There are key similarities between the Spurs and the New England Patriots in the NFL where Bill Belichick and Tom Brady dominated the league for a period of 20 years. The Patriots won six Super Bowls between the 2001 and 2018 seasons before Brady opted to leave Foxborough after failing to agree on a new contract with the franchise.
Much has been made of his departure, including strong insinuations of a fallout between Brady and Belichick regarding personnel and his value to the organisation even into his mid-forties. Brady proved a point in the 2020 campaign just as Kawhi immediately after his departure from San Antonio by winning a title with another team. Whereas Belichick has shared the struggle with Popovich and is trending towards a second season outside of the playoffs due to a lack of talent on his roster.
Both Belichick and Popovich excelled in their strategy on the field and court, respectively. They found icons that they could successfully build around to the tune of multiple titles. The two coaches should be commended for their long-term success. However, both coaches appear to be failing to understand their respective sports in the modern era where player-power is more important than ever. Duncan was a loyal leader on the court throughout his tenure in San Antonio, while Brady too was the complaint figurehead of the Patriots’ lockerroom for the majority of his time in New England.

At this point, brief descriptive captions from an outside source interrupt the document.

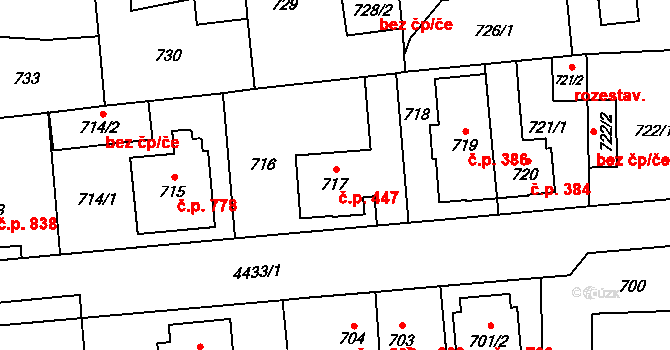 Chotěboř 447 na parcele st. 717 v KÚ Chotěboř, Katastrální mapa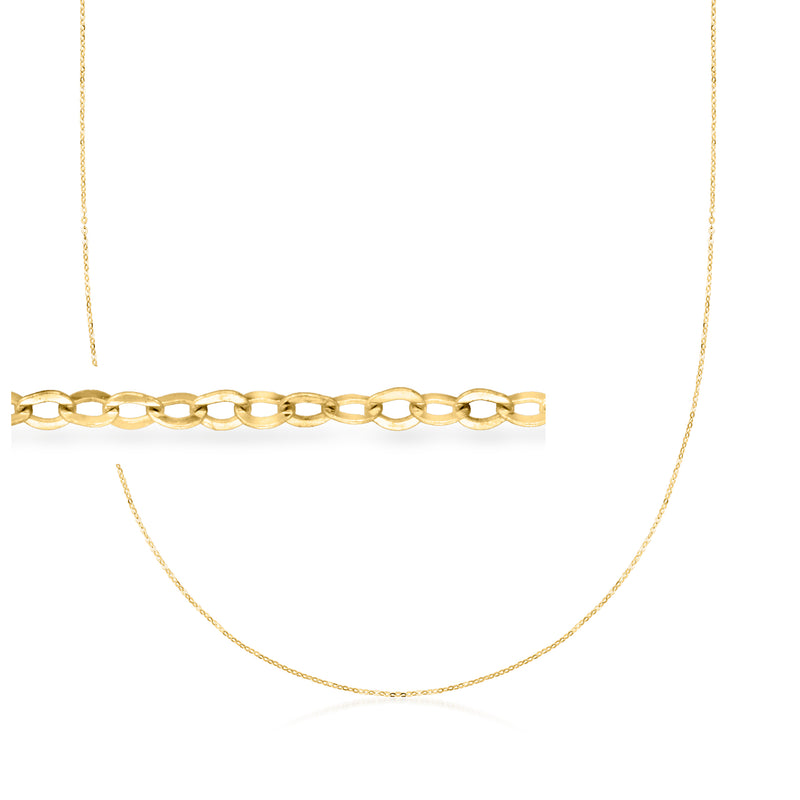 10kt yellow gold cable-chain necklace with oval links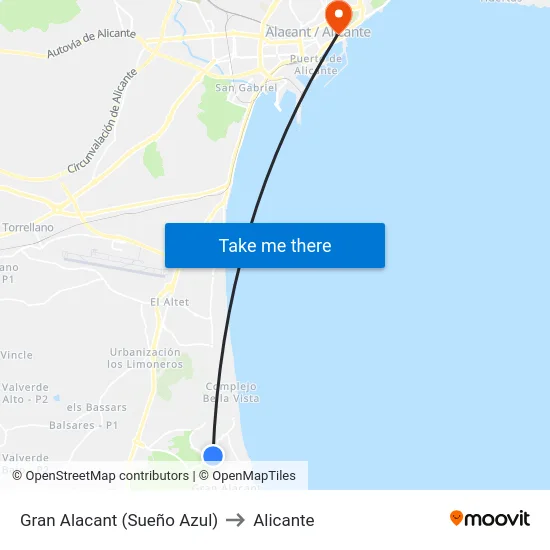 Gran Alacant (Sueño Azul) to Alicante map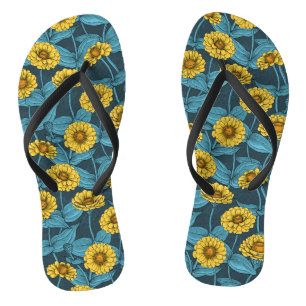 Tongs Zinnias jaune sur bleu foncé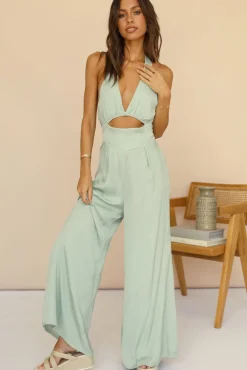 Jumpsuits|Rompers>Hello Molly Variations Jumpsuit Pistachio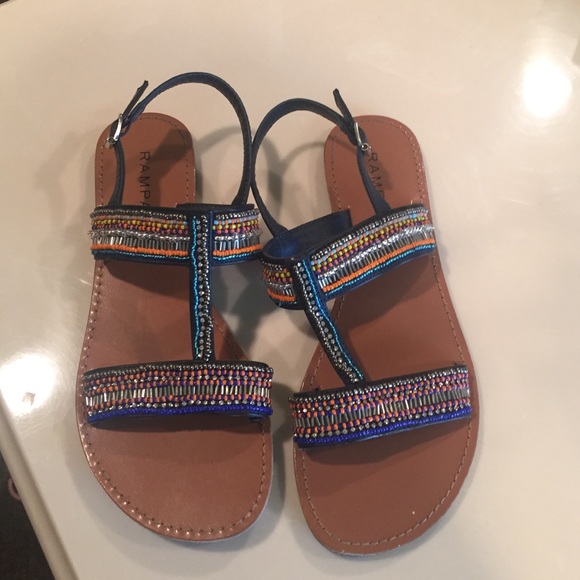 Mult-colored beaded sandals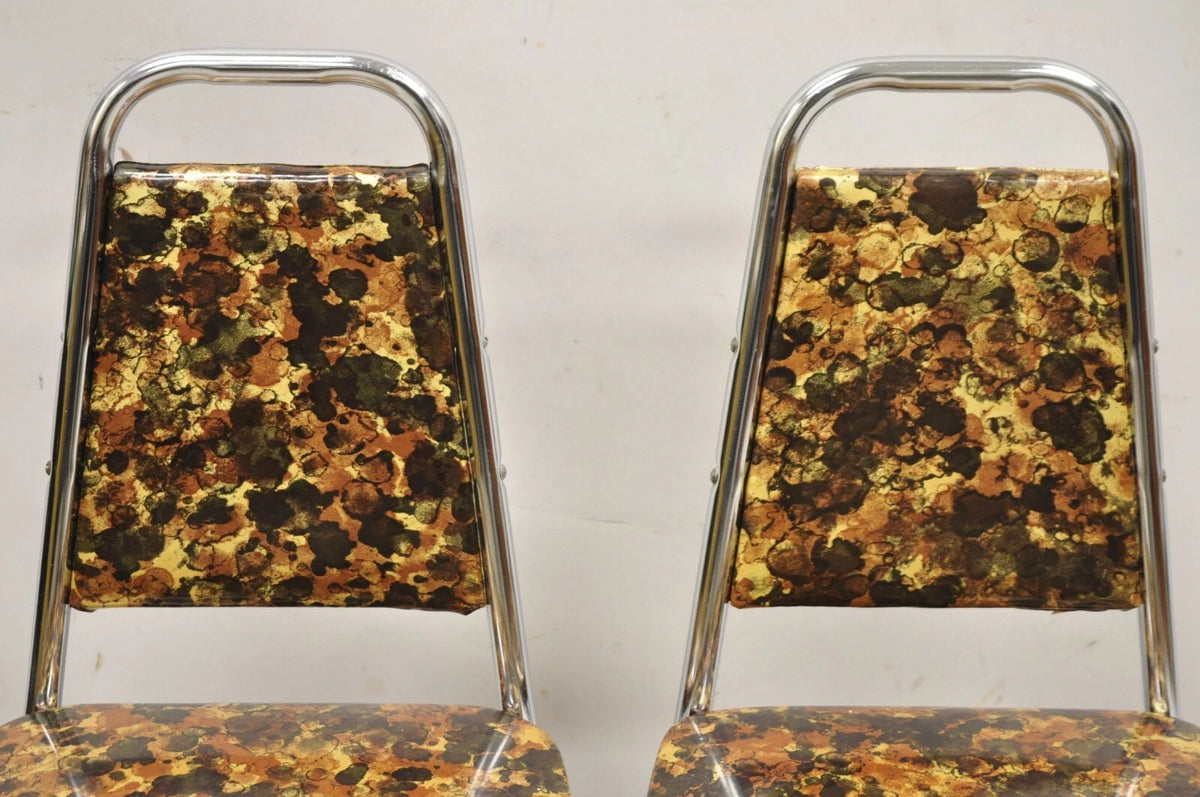 Vintage Children's Small Mid Century Tubular Metal Kitchen Side Chairs - A Pair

Popovich was not ready for the challenge of controlling Kawhi and opted to trade away his superstar to attempt to maintain order, backing his own coaching brilliance and a strong locker room to maintain the Spurs’ run of success. It has backfired spectacularly on the 72-year-old, and he and the franchise have now been forced into a dramatic rebuild and are well off the pace in terms of competing in the Western Conference. It would not be a surprise to see the Spurs finish bottom of the standings in the 2021/22 campaign even with the promise of a few of their fledgling talents.

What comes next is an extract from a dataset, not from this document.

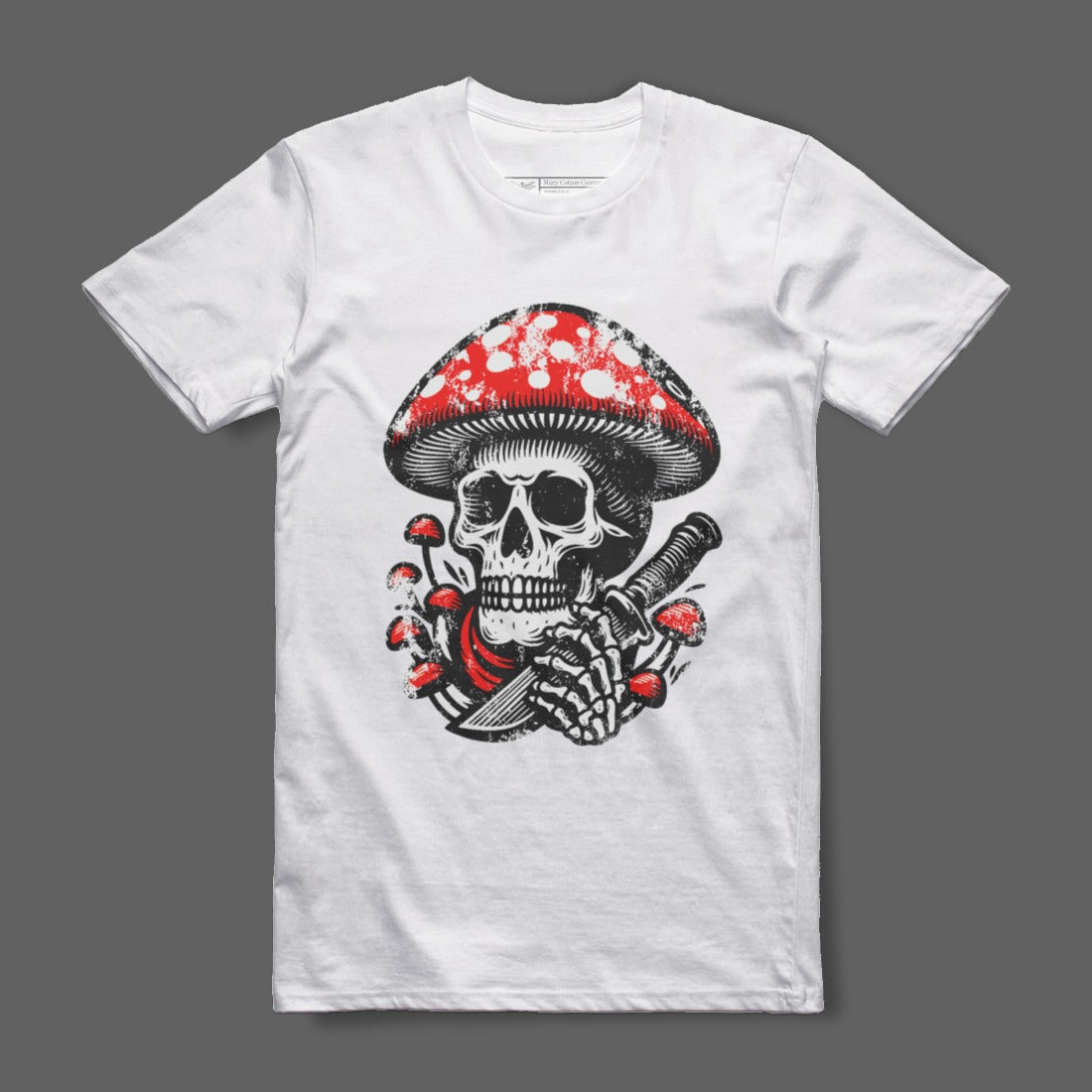 Skull with Mushroom Graphic Printed T-shirt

Belichick too gambled and believed that his own philosophy was greater than the sum of one player. It worked in the past with Ty Law, Richard Seymour, Randy Moss, Wes Welker and Logan Mankins. However, Brady was a step too far and it resulted in a 7-9 campaign in 2020. Although Mac Jones has offered hope for the franchise for the future in 2021, the Patriots are a long way from the dominant franchise of the past.
It has been a humbling experience for two of the greatest coaches of all time, and perhaps even a lesson for them even with their experience that the power lies with the superstars on the court rather than on the sideline.